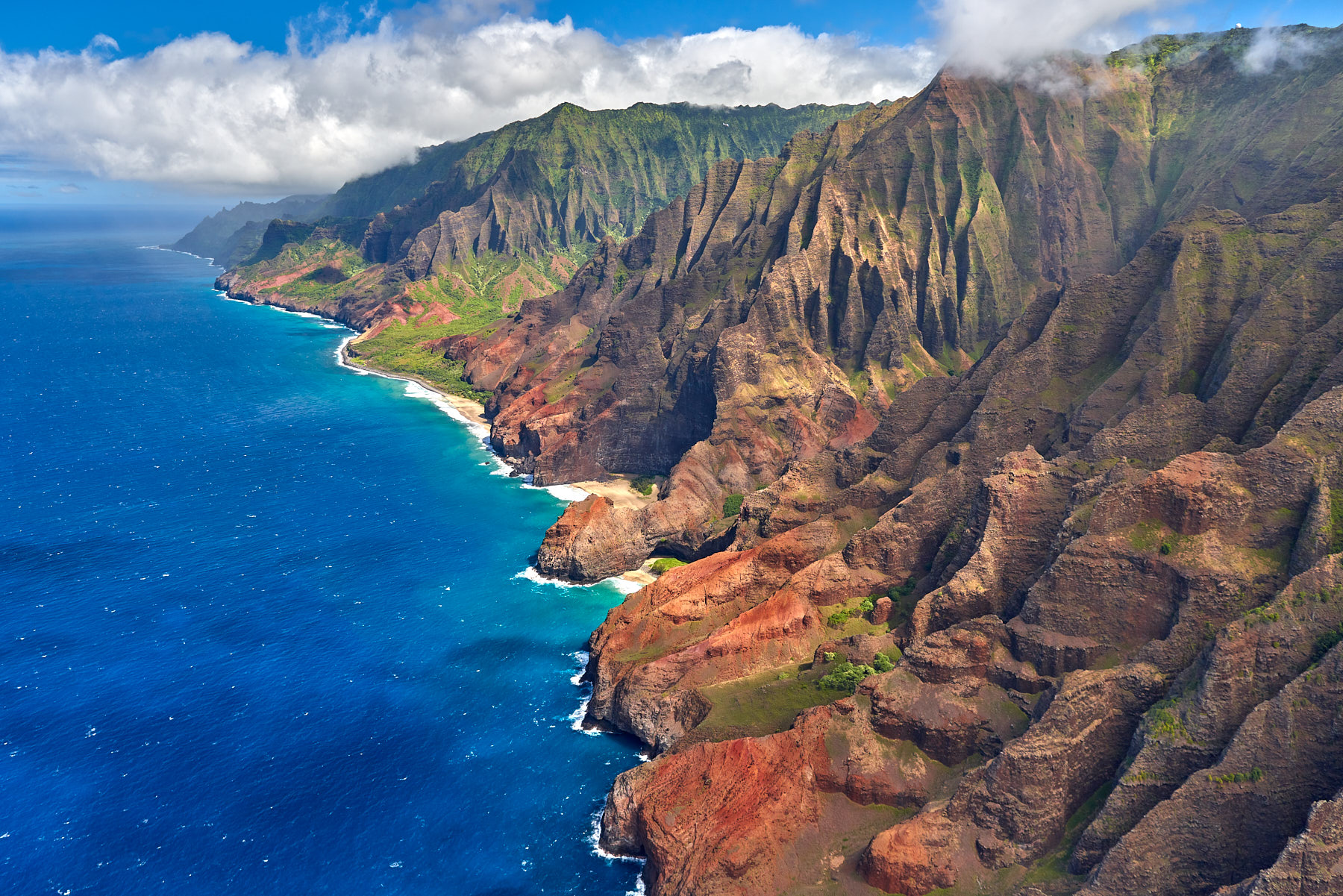a very dramatic angle of the na pali coastline on the Hawaiian Island of Kauai.  Photographed from a helicopter by Andrew Shoemaker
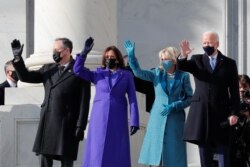 President-elect Joe Biden, his wife Jill Biden, Vice President-elect Kamala Harris and her husband Doug Emhoff salute as they arrive ahead of the inauguration of Biden, in Washington, Jan. 20, 2021.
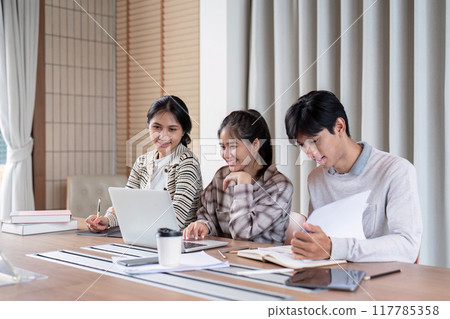 Happy Students Engaged in Study Group Indoors 117785358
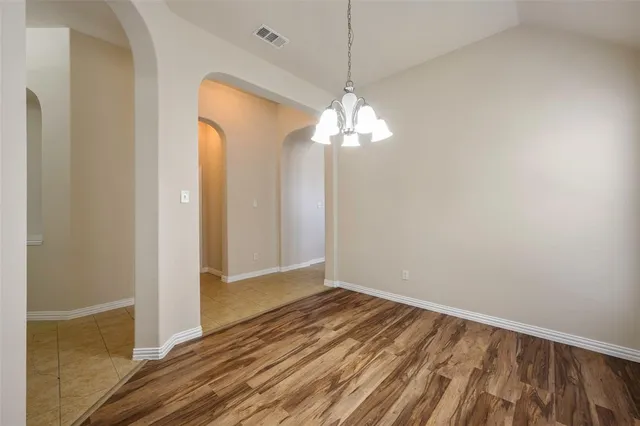 an empty room with wooden floor chandelier and closet
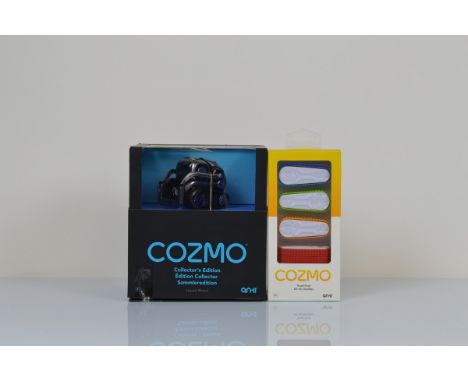 A boxed Anki Cozmo limited edition liquid metal desktop robot, together with a Cozmo boxed tread pack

-.-.-

Starting with the line that contains "an empty room", reproduce every line down to the end of the listing above, both endpoints included. Pictures stay out.

 an empty room with wooden floor chandelier and closet
 A boxed Anki Cozmo limited edition liquid metal desktop robot, together with a Cozmo boxed tread pack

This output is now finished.